主な繊維・アパレルメーカーは東レ、帝人、三菱ケミカル、ユニチカ、東洋紡、ファーストリテイリング、しまむら、ワールド、三陽商会、ワコールホールディングスなどです。
印刷・製紙・文具
印刷・製紙業界は、パンフレットやチラシ向けの「商業印刷」と、雑誌や書籍向けの「出版印刷」、パッケージ印刷のような「特殊印刷」の3つに分けられます。電子書籍の普及により、斜陽産業になりつつあった印刷・製紙業界でしたが、ここへきて状況が変わってきました。
マイクロプラスチック(海を漂うプラスチックごみが風化し、1mm未満の破片になったもの、一部では5mm未満ともいわれる)による海洋汚染を憂慮した国内外の大手企業が、プラスチック製品から紙製品への乗り換えを打ち出したためです。
例えば、スターバックスはプラスチック製のストローを紙製のストローに替えました。また、セブン&アイ・ホールディングスは、プラスチック製のレジ袋を、将来的には紙袋などに置き換えていく意向を発表しました。こうした流れから、環境にやさしい紙製品、丈夫な紙製品などの需要が今後高まる可能性は高いと考えられます。主な企業は大日本印刷、凸版印刷、共同印刷、日本製紙、大王製紙、朝日印刷、コクヨ、パイロットなどです。
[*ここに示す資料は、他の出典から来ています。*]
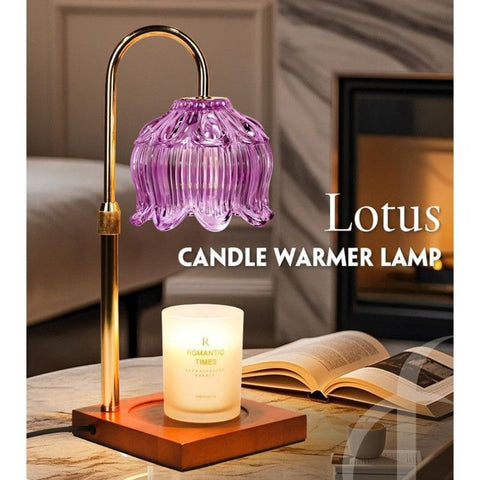 Lotus-Shaped Adjustable Timed Dimmable Candle Warmer Lamp, Wood Base Aroma Table Lamp, Candle Not Included—Purple In Australia - Darrahopens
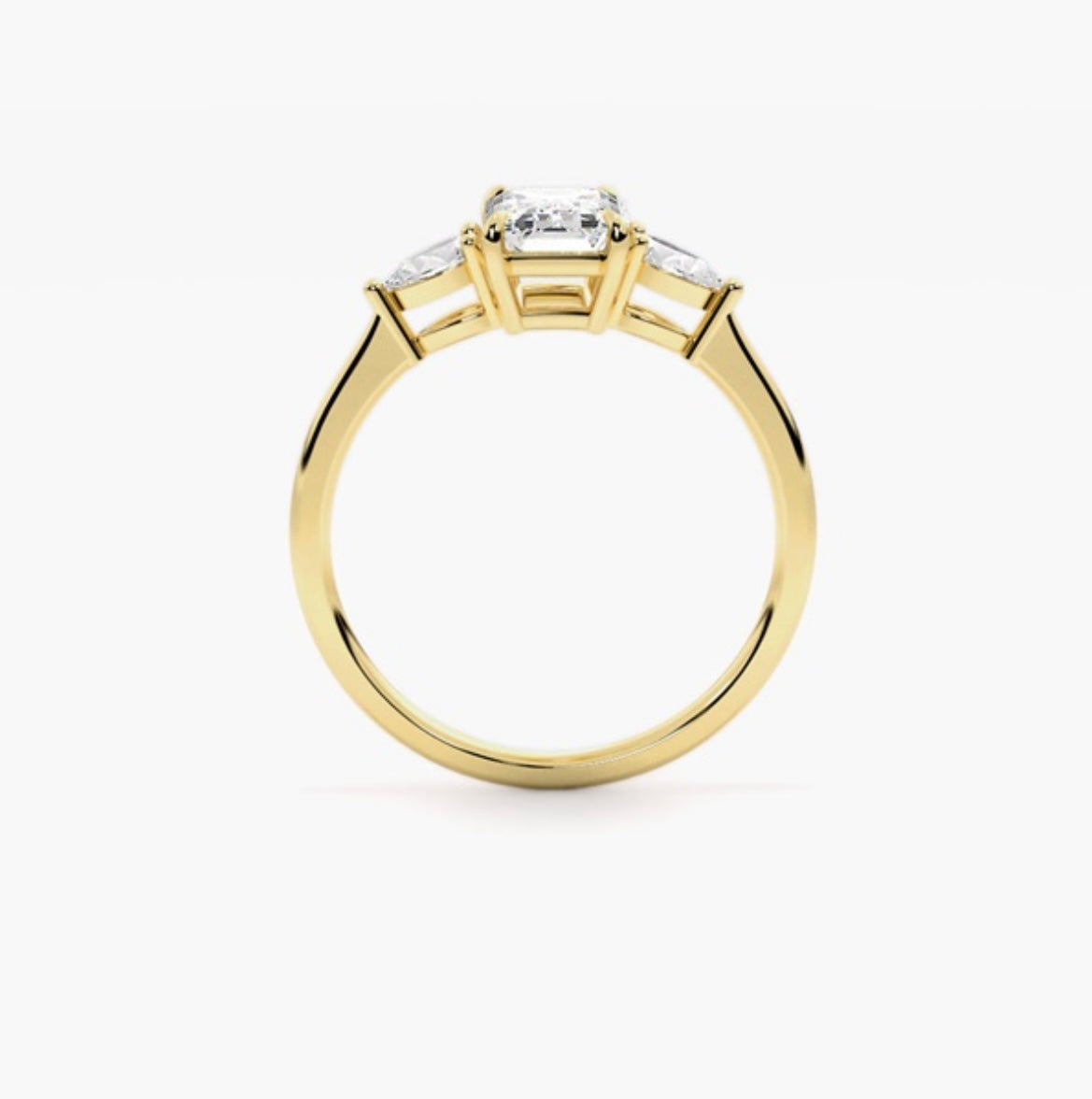 1ct Emerald Cut Lab Grown Diamond Trilogy Engagement Ring with Pear Side Stones – IGI Certified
メーカーを選ぶ際には就職偏差値以外にも目を向けてみよう
就活で志望する企業を選ぶ際に、就職偏差値が気になる就活生は多いでしょう。しかし、前述した通り、就職偏差値は「不特定多数の一般人が、それぞれの主観に基づいて評価した数字」であり、客観性も信ぴょう性もないとは言い切れませんが、保証はされません。参考にするかどうかは個人の自由ですが、それだけを頼りにするのは控えましょう。
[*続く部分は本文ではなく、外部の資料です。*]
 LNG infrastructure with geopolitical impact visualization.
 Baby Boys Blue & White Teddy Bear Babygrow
メーカーにもさまざまな業界があり、業界の中でも業務や扱う製品、部門などによっても細分化されています。そして、業界の中でも企業によってそれぞれ特徴や強み、弱みがあります。それらを比較して、何をしている企業なのか、自分に合う企業かどうか、将来性があるかなど、多角的な視野で企業を見つめて、志望企業を決めるようにしましょう。